#### [Exercise description]
Look below for the line containing "255 N Addison"; from there through the line containing "Ovale oorbellen met", both lines included, please set down each line exactly and nothing else.

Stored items

+-------+

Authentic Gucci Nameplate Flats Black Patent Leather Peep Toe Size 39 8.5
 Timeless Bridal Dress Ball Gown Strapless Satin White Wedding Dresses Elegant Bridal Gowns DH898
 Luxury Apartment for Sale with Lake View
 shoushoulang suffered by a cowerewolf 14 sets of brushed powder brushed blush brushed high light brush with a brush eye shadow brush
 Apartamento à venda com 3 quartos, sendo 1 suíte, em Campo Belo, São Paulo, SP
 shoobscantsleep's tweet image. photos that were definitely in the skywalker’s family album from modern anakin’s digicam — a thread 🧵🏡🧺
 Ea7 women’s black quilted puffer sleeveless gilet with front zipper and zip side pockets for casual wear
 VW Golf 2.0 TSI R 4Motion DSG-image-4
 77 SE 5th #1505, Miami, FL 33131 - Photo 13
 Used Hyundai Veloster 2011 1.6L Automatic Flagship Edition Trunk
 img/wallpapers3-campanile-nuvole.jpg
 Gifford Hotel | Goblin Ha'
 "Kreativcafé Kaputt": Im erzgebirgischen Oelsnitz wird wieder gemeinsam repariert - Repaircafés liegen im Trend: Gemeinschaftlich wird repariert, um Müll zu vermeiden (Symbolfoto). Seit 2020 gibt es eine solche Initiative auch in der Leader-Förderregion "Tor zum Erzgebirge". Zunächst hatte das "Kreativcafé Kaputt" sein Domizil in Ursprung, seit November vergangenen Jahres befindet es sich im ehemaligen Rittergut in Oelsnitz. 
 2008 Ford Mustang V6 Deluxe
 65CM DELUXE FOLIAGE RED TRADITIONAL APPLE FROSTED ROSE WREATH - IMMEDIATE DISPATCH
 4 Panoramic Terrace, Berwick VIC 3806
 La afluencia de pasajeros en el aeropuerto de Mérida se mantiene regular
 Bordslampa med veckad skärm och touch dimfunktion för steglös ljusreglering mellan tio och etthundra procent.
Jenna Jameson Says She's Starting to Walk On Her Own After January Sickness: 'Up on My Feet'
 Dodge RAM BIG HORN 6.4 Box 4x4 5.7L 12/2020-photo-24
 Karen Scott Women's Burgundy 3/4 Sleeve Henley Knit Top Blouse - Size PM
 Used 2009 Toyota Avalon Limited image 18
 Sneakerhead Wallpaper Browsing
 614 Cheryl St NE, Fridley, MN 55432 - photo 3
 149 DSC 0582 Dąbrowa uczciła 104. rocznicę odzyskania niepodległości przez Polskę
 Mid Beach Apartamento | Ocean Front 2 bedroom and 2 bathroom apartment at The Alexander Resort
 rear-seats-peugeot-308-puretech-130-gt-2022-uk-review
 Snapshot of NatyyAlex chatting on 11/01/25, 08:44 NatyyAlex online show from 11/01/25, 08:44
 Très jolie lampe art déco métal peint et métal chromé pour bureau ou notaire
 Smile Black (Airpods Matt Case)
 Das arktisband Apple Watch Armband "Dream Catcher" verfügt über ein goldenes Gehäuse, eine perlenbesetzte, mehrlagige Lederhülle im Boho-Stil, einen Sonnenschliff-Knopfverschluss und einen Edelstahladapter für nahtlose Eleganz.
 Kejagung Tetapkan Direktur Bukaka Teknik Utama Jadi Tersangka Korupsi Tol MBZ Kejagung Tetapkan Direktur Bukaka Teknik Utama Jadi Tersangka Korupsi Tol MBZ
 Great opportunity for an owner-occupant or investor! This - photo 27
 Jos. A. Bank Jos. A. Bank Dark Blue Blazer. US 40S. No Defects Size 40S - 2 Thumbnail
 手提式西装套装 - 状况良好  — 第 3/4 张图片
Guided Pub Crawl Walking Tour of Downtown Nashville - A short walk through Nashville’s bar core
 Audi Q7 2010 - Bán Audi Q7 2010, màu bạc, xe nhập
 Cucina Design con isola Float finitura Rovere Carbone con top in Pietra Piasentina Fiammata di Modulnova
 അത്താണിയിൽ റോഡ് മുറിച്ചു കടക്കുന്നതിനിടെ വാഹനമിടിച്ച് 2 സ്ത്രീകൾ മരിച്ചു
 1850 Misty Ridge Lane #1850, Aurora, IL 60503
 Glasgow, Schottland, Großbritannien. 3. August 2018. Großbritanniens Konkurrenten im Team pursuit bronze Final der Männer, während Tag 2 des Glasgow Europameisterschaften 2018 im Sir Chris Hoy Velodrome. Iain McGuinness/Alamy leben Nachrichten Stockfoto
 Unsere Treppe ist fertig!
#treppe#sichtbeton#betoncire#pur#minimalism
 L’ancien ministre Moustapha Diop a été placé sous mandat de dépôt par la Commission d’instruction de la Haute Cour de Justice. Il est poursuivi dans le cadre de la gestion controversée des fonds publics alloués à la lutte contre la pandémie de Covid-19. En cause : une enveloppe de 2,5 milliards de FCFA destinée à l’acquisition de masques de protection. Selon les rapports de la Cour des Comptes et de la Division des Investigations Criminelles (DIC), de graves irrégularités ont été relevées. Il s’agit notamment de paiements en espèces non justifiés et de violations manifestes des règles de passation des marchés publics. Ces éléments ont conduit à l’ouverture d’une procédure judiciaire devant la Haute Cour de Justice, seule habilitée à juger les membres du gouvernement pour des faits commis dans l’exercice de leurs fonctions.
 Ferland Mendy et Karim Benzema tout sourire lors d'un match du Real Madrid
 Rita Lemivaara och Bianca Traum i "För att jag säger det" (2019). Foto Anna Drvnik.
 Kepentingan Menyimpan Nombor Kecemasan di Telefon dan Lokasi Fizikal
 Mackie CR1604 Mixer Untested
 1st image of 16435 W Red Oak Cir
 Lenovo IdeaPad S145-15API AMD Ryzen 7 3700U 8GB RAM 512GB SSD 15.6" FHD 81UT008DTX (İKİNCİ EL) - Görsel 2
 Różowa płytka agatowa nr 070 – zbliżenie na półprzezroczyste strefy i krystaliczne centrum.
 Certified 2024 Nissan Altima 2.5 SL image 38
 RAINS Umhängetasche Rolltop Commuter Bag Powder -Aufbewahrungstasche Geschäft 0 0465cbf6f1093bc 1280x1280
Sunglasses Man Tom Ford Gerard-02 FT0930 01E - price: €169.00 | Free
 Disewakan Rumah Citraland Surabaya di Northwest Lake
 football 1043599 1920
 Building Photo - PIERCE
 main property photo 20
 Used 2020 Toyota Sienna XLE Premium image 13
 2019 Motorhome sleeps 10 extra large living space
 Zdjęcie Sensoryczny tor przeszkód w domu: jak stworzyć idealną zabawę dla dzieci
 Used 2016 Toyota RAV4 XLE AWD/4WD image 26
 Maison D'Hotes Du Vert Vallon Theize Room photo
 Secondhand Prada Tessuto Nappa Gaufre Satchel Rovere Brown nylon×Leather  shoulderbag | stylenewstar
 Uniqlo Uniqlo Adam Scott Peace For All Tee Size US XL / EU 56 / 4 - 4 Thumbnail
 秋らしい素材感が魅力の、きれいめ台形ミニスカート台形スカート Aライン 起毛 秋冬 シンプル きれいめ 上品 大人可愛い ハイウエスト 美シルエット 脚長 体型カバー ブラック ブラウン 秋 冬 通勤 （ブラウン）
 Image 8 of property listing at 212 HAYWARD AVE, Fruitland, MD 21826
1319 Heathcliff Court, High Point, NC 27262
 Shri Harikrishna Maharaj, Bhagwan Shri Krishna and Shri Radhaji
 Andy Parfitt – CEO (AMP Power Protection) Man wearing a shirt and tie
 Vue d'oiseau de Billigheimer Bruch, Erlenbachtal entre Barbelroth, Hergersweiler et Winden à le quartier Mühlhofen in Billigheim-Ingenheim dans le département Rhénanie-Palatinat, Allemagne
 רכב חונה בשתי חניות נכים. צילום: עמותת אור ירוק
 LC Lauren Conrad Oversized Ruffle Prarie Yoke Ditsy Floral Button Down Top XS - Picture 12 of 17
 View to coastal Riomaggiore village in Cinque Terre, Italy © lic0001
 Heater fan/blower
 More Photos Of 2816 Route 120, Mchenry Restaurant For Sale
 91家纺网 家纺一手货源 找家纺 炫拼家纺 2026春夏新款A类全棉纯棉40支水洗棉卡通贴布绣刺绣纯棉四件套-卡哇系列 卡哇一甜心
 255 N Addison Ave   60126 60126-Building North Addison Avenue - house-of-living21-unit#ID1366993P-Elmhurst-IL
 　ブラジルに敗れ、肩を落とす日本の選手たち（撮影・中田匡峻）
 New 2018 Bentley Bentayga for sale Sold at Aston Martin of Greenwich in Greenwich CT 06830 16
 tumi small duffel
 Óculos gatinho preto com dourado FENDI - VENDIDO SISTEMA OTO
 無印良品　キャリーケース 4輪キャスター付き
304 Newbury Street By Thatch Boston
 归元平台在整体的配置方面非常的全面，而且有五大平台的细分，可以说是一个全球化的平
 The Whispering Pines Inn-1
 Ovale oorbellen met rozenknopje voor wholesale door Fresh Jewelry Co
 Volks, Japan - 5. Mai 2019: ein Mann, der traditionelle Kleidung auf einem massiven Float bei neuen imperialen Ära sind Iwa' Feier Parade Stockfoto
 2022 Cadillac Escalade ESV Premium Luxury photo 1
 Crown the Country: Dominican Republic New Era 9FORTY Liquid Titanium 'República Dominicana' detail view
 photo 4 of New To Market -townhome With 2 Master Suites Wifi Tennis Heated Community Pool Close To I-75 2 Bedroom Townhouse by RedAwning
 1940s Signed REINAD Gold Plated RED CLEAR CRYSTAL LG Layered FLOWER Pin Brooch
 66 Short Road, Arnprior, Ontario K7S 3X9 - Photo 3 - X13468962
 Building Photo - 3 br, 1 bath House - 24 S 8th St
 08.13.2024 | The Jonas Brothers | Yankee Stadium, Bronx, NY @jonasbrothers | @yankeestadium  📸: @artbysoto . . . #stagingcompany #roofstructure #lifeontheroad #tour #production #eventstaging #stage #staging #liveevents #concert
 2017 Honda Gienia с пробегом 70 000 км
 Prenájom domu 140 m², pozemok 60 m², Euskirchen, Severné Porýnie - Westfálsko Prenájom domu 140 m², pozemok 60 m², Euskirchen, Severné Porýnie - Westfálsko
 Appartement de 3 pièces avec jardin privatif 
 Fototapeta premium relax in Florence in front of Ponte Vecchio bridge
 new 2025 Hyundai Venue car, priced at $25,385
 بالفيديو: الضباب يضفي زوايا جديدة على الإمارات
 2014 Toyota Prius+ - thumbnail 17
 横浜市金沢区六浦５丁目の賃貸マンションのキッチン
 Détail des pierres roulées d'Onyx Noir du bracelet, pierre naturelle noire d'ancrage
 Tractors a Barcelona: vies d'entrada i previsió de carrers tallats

+-------+

#### [Answer space]
 255 N Addison Ave   60126 60126-Building North Addison Avenue - house-of-living21-unit#ID1366993P-Elmhurst-IL
 　ブラジルに敗れ、肩を落とす日本の選手たち（撮影・中田匡峻）
 New 2018 Bentley Bentayga for sale Sold at Aston Martin of Greenwich in Greenwich CT 06830 16
 tumi small duffel
 Óculos gatinho preto com dourado FENDI - VENDIDO SISTEMA OTO
 無印良品　キャリーケース 4輪キャスター付き
304 Newbury Street By Thatch Boston
 归元平台在整体的配置方面非常的全面，而且有五大平台的细分，可以说是一个全球化的平
 The Whispering Pines Inn-1
 Ovale oorbellen met rozenknopje voor wholesale door Fresh Jewelry Co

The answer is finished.